Senaryoda cezaevinden izinli olarak çıkan 5 hükümlünün yaşamları, korkuları, umutları ve içlerini kemiren hesaplaşmaları işlenir. Film de, sıkıyönetimin yarattığı baskıcı yönetim tarzına, kaçakçılık ve Kürt sorununa da değinilir. Coğrafi zorluklar, geri kalmışlık, yoksulluk, ve tutucu geleneksel yapı da filmde gözler önündedir. Çekilen negatiflere el konulmasın diye kurye aracılığıyla parti parti İstanbul’a oradan da gizlice İsveç’e gönderilir. Firarından sonra filmin çekilen ham görüntüleri Yılmaz Güney 'in de başında bulunduğu bir ekip tarafından Fransa ’da kurgulanır. Ve Cannes Film Festivaline yetiştirilir.
Cannes, bugün olduğu gibi o gün de dünyanın en büyük uluslararası film festivallerinden biridir. Yarışmanın sonuçları açıklanmak üzeredir. Salonda heyecanlı bir bekleyiş vardır. Kapalı zarf açılır ve belki de kimselerin pek tanımadığı bir sinemacının ismi salonda yankılanır. O isim Yılmaz Güney’dir…
‘’Yol’’ Filmi 1982 yılında 35. Cannes Film Festivalin’de Costa Gavras’ın ‘’Kayıp’’ filmiyle birlikte Altın Palmiye ödülünü alır. Bu ödül hem Yılmaz Güney hem de Türkiye sineması adına o zamana kadar elde edilmiş en büyük başarıdır. Fakat arkadaşlarının anlattığına göre, o gün bu büyük başarıyı kürsüde sağ elini yukarı kaldırıp, yumruğunu sıkarak kutlayan Güney’in ödül töreninden ayrılırken cebinde taksiye verebilecek kadar dahi parası yoktur.
1982 yılında Dünyanın en büyük ödüllerinden birini, Altın Plamiye’yi, 1983 yılında ise Fransada ‘’Eleştirmenler Ödülünü’’ alan film ancak on yedi yıl aradan sonra eşi Fatoş Güney’in büyük uğraşları sonucu 1999 yılında İstanbul Abdi İpekçi Kapalı Spor Salonunda gösterilirken salon tıklım tıklım doludur. Filmi izlemeye sekiz bin kişi gelmiştir.

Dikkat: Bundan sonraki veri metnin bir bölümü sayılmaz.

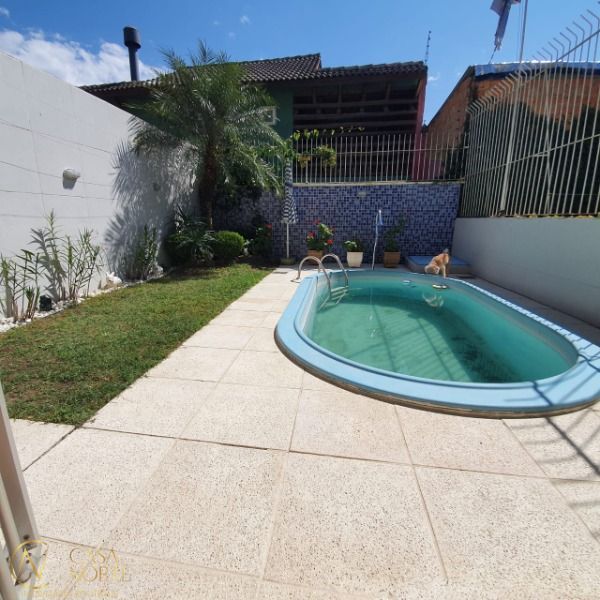 Casa à venda com 3 quartos, 185m², 1 suíte, 2 vagas, Olecio Cavedini no bairro Ipanema em Porto Alegre
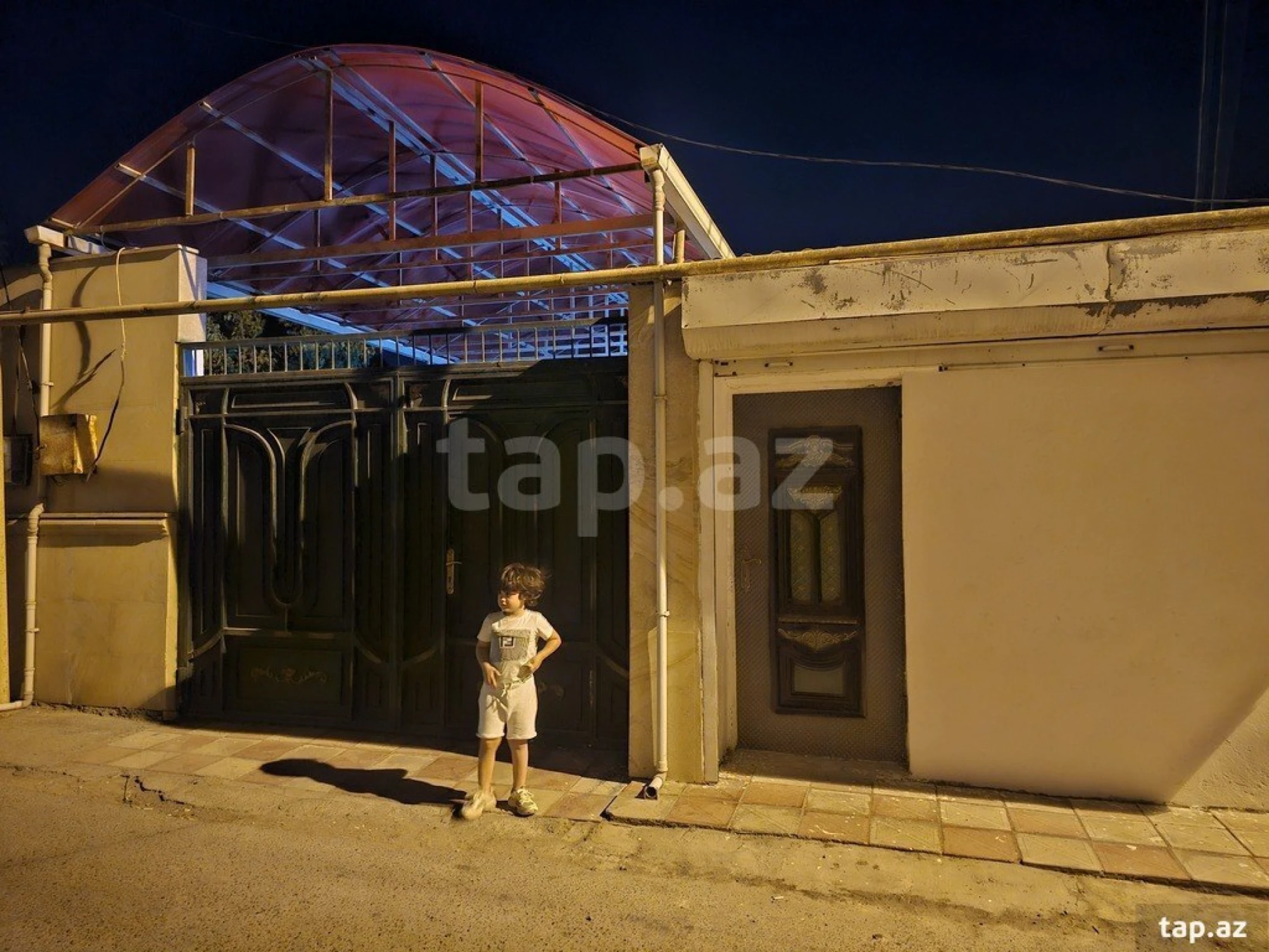 Satılır 4 otaqlı həyət evi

Yılmaz Güney yalnızca sinemacı değil, aynı zamanda bir edebiyatçı ve siyasetçidir. Film senaryoları gibi öyküleri ve politik değerlendirmeleri de vardır. Fakat sinemacı yönü hep ağır basmıştır. Çünkü o sinemayı eşit, özgür ve adaletli bir dünya kurma mücadelesinin en önemli araçlarından biri olarak görmüş, düşüncelerini geniş halk kesimlerine, yaptığı filmler üzerinden anlatmaya çalışmıştır.